* [The data]:
☆ ☆ ☆ ☆ ☆ ☆ ☆

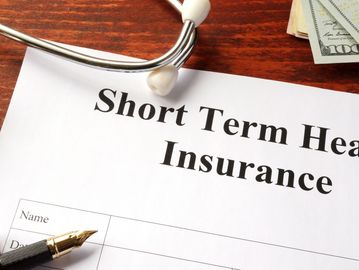 Short term health insurance form with a stethoscope and money on a wooden table.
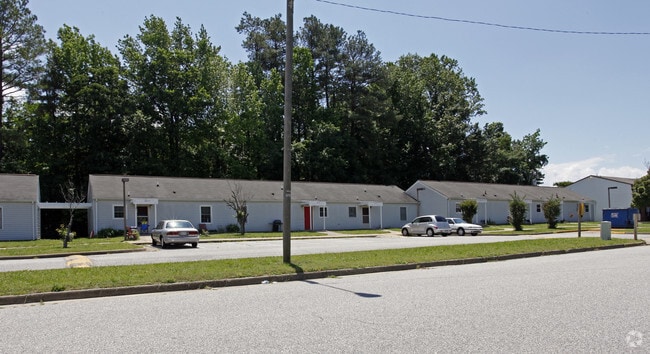 Primary Photo - Phoenix Village Apartments 1 & 2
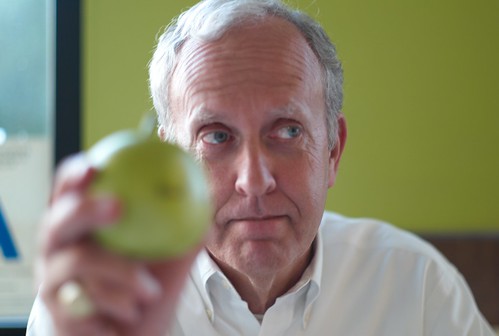 Scott holding a plastic apple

☆ ☆ ☆ ☆ ☆ ☆ ☆

* [What you are asked to do]:
Write every line above again exactly, but leave the pictures out.

* [Answer to the exercise]:
 Short term health insurance form with a stethoscope and money on a wooden table.
 Primary Photo - Phoenix Village Apartments 1 & 2
 Scott holding a plastic apple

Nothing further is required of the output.